** Recorded data follows **

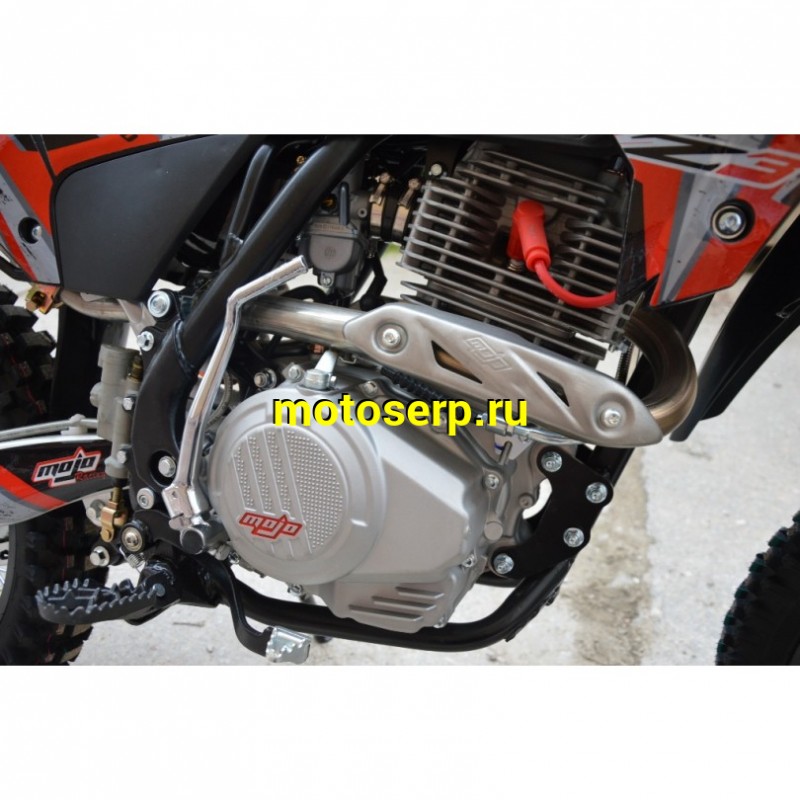 Купить  ====Кросс BSE Мотоцикл кроссовый BSE Z3 250e Red Black 1 (спортинв), 21/18, 172FMM маятник и обода колес ALL, регулируемая подвеска (шт)   купить с доставкой по Москве и России, цена, технические характеристики, комплектация фото  - motoserp.ru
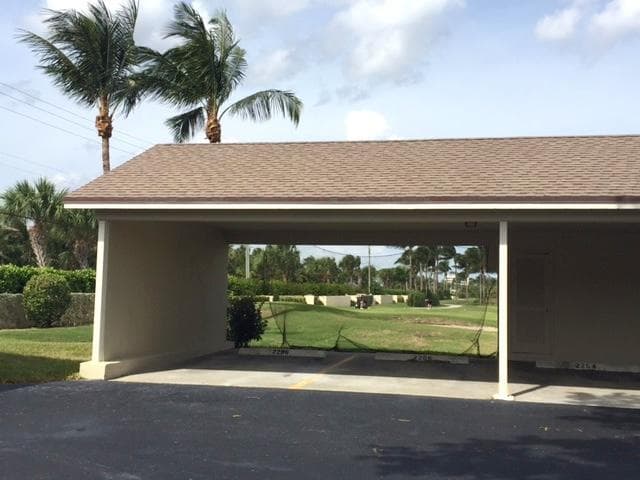 2206 S Fairway Dr S S, Jupiter, FL 33477 — photo 23 of 31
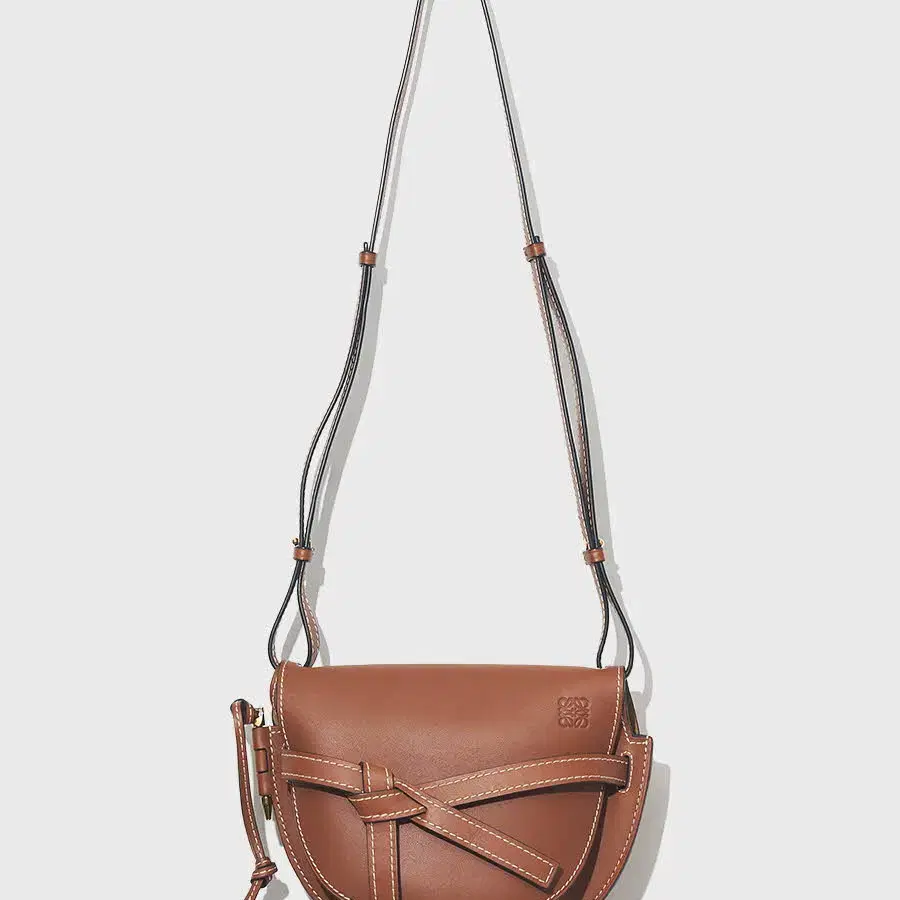 LOEWE shoulder bag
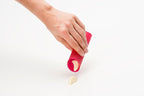 Zyliss Garlic Peeler - Image 4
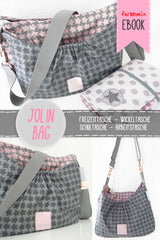 ebook-jolin-bag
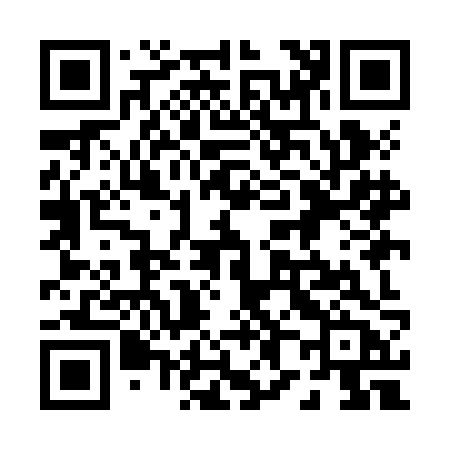 QR code for 089JJB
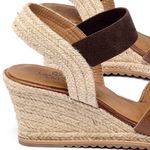 Laranja_Lima_Shoes_Sapatos_Femininos__-Anabela---Corda-Salto-de-7-cm-em-Couro-Marrom---Codigo---9584_5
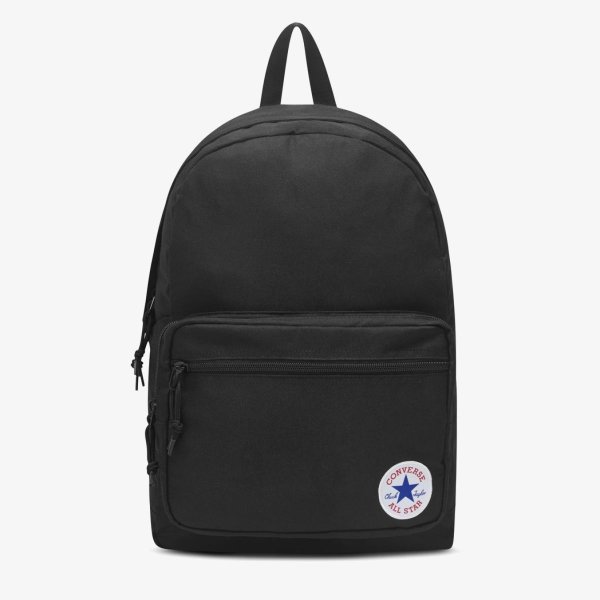 Сумка CONVERSE BG-BAGS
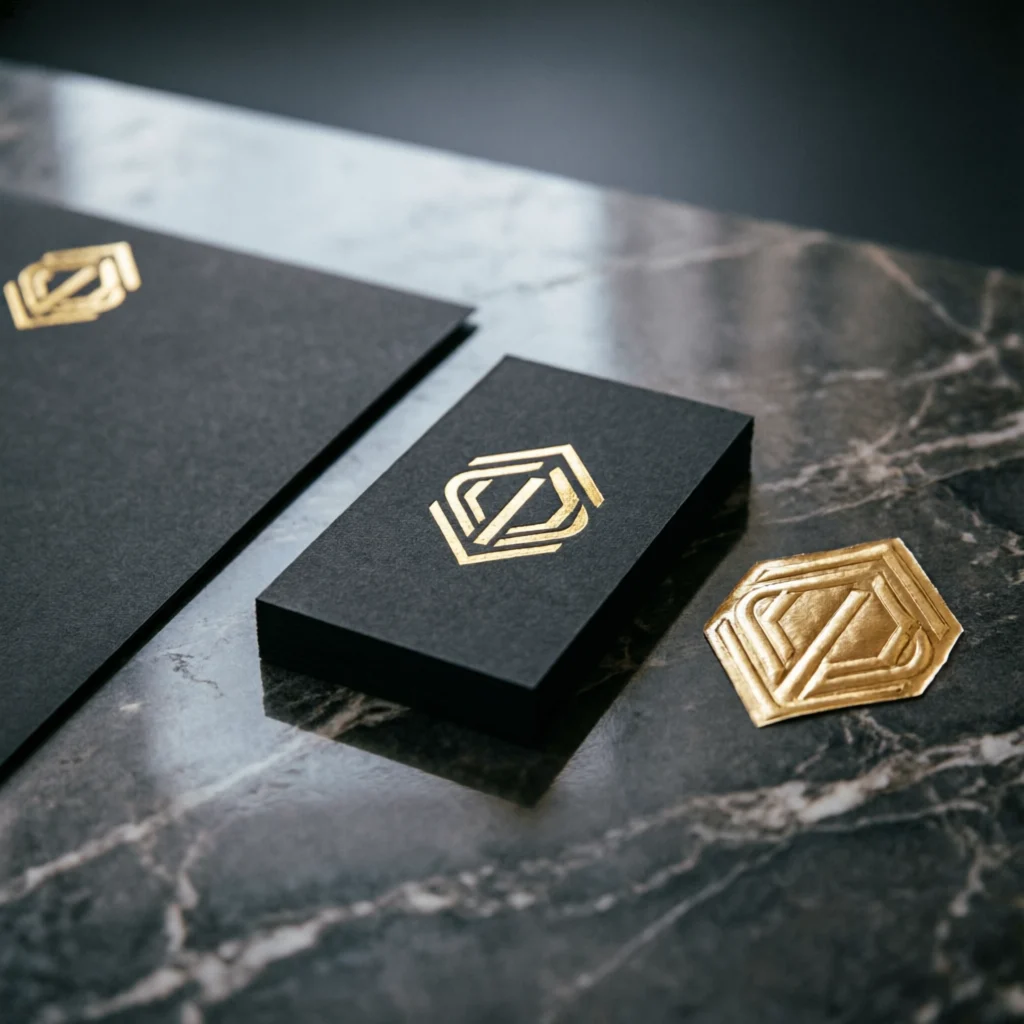 Aurum & Co.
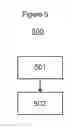 Fig. 06 - Sheet-like composite, especially packaging laminate for dimensionally stable food-stuff containers, having a polymeric internal layer characterized by differential scanning calorimetry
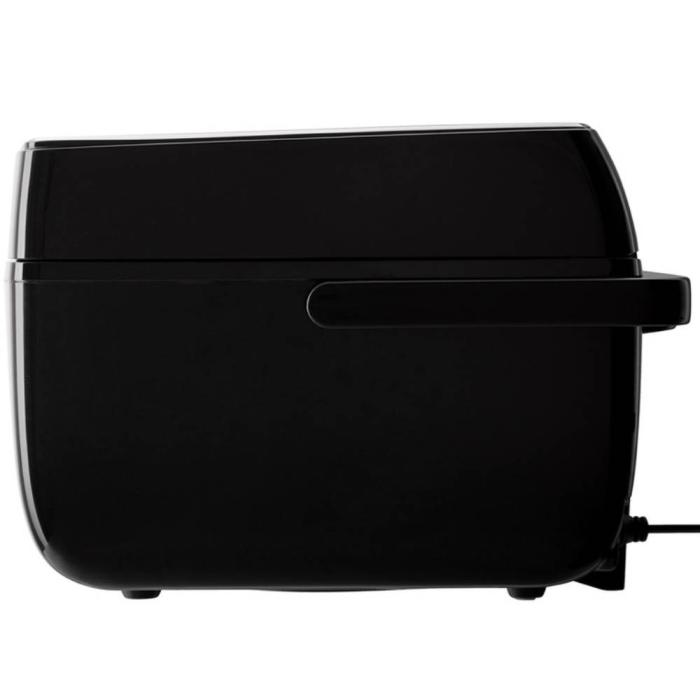 RM-D793 B 商品画像3：onHOME Kaago店(オンホーム カーゴテン)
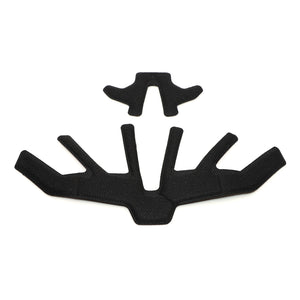 Spark MIPS Pad Kid Universal Adult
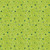 WILD, WILD WEST 183 26769 GREEN 118"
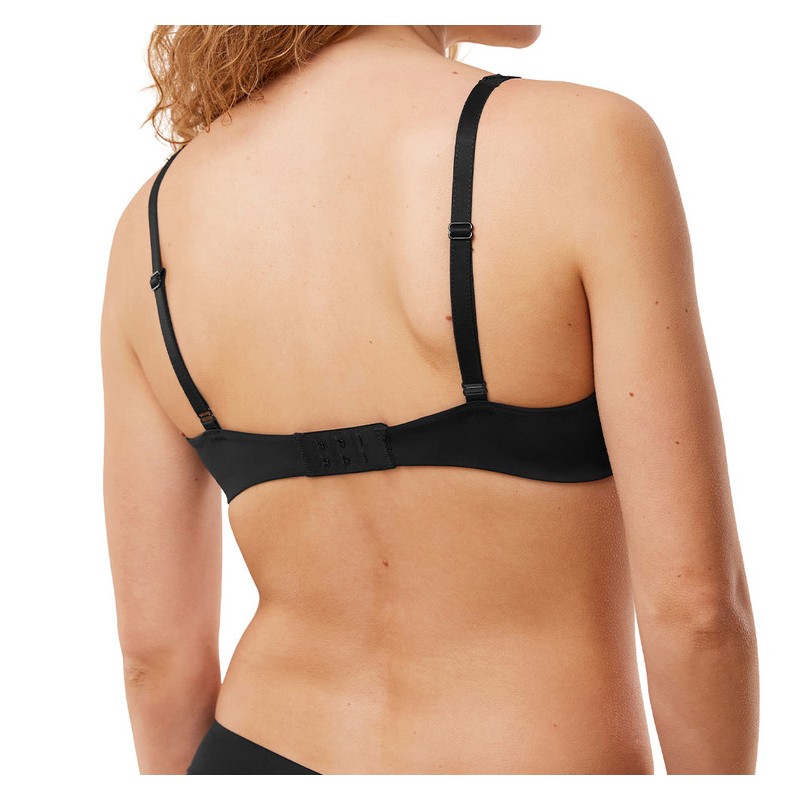 Sujetador mujer Triumph Body Make-Up Illusion lace WP Copa B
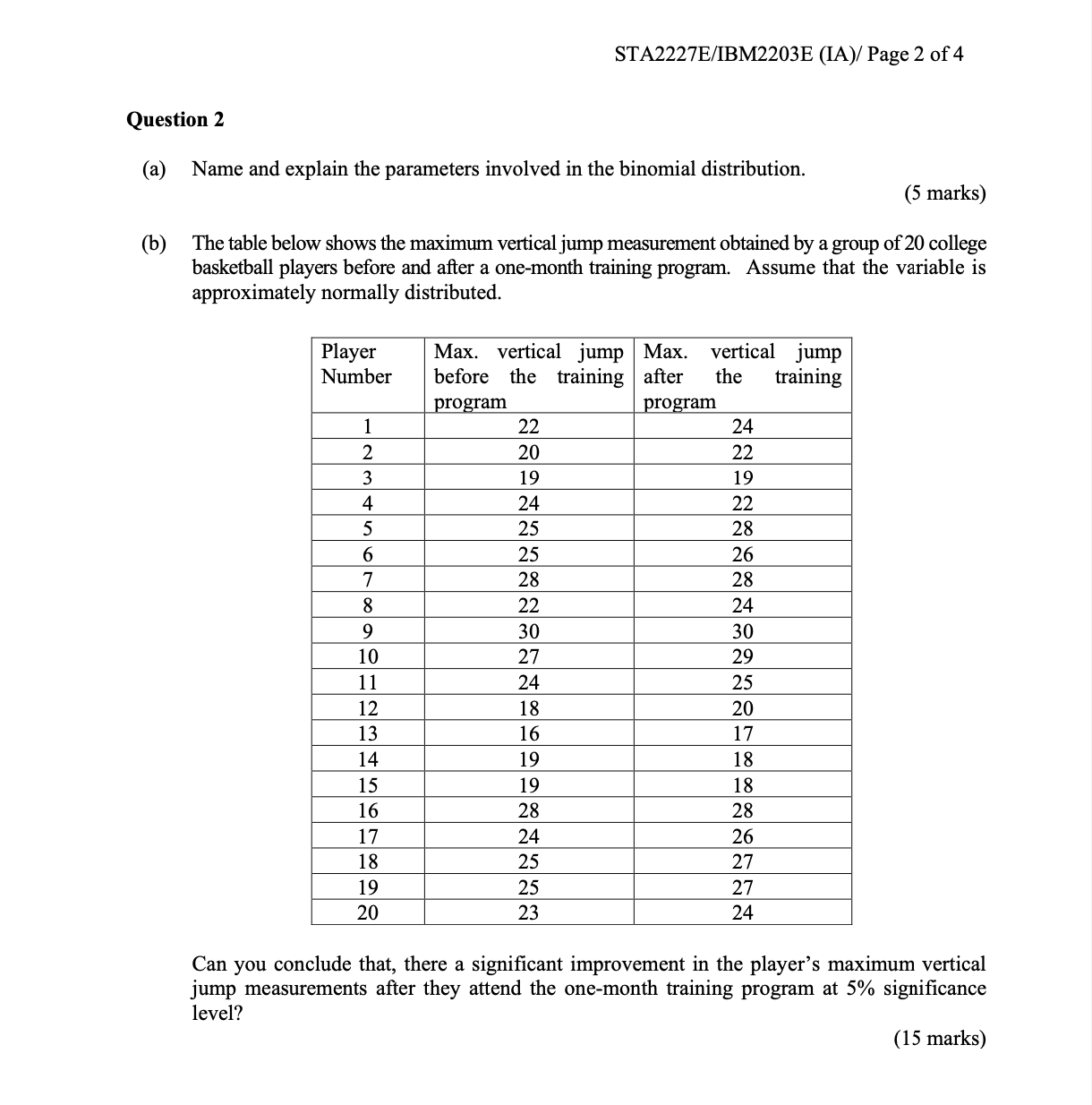 solved-add-a-microsoft-excel-sheet-if-the-calculation-is-in-chegg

** End of Recorded data **

Instructions for the task
For the data above, return an exact copy that contains no pictures.

Result
 Купить  ====Кросс BSE Мотоцикл кроссовый BSE Z3 250e Red Black 1 (спортинв), 21/18, 172FMM маятник и обода колес ALL, регулируемая подвеска (шт)   купить с доставкой по Москве и России, цена, технические характеристики, комплектация фото  - motoserp.ru
 2206 S Fairway Dr S S, Jupiter, FL 33477 — photo 23 of 31
 LOEWE shoulder bag
 Zyliss Garlic Peeler - Image 4
 ebook-jolin-bag
 QR code for 089JJB
 Laranja_Lima_Shoes_Sapatos_Femininos__-Anabela---Corda-Salto-de-7-cm-em-Couro-Marrom---Codigo---9584_5
 Сумка CONVERSE BG-BAGS
 Aurum & Co.
 Fig. 06 - Sheet-like composite, especially packaging laminate for dimensionally stable food-stuff containers, having a polymeric internal layer characterized by differential scanning calorimetry
 RM-D793 B 商品画像3：onHOME Kaago店(オンホーム カーゴテン)
 Spark MIPS Pad Kid Universal Adult
 WILD, WILD WEST 183 26769 GREEN 118"
 Sujetador mujer Triumph Body Make-Up Illusion lace WP Copa B
 solved-add-a-microsoft-excel-sheet-if-the-calculation-is-in-chegg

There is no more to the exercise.